_TASK:_ Leave out every picture, and restate word for word only the lines from the one containing "Thumbnail 2 in" through the end of the material.

_INFORMATION PROVIDED:_
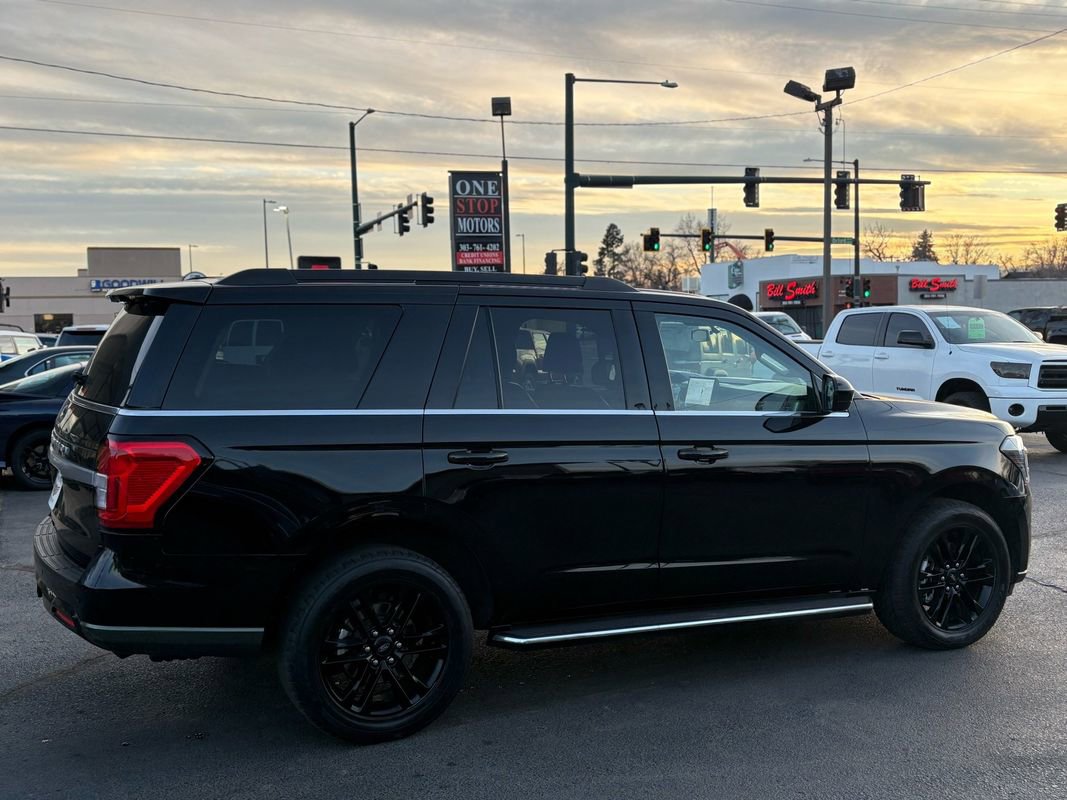 Used 2022 Ford Expedition XLT image 10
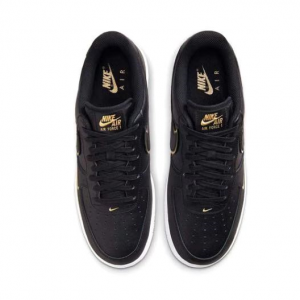 나이키 에어포스 1 '07 프리미엄 카라비너 레드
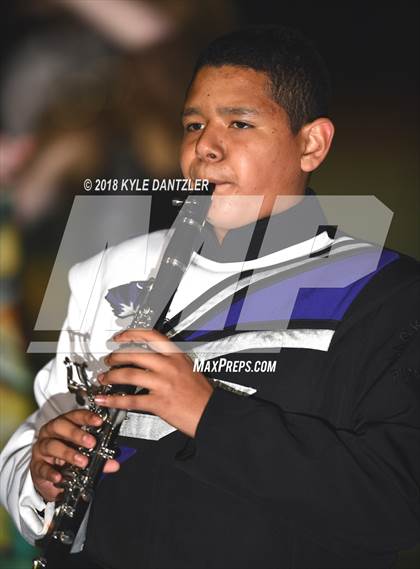 Thumbnail 2 in Jacksboro vs. Henrietta (UIL 3A Division 2 Region 2 Bi-District) photogallery.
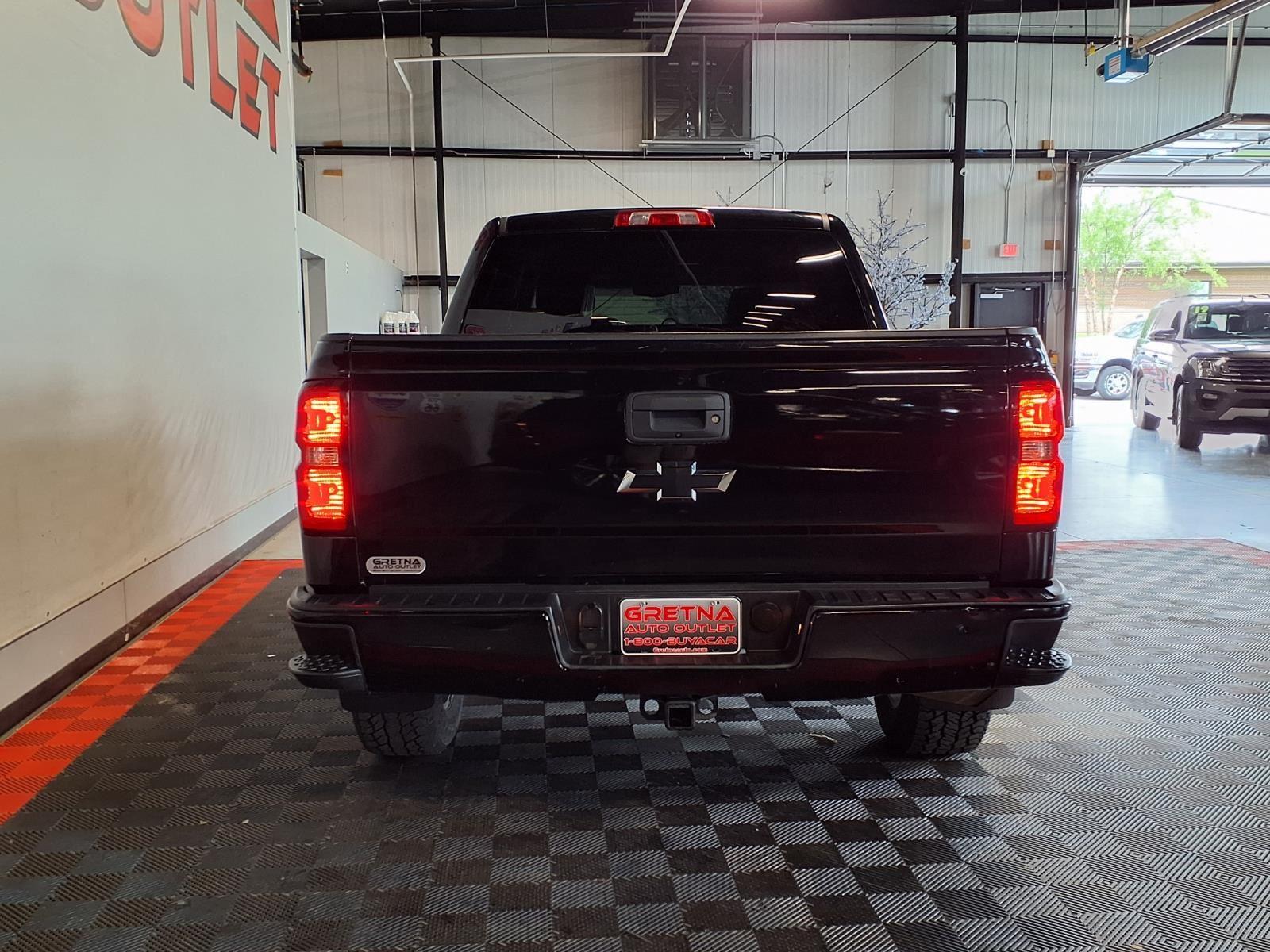 2018 Chevrolet Silverado 1500 LT - Black exterior view 5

_RESPONSE TO THE TASK:_
 Thumbnail 2 in Jacksboro vs. Henrietta (UIL 3A Division 2 Region 2 Bi-District) photogallery.
 2018 Chevrolet Silverado 1500 LT - Black exterior view 5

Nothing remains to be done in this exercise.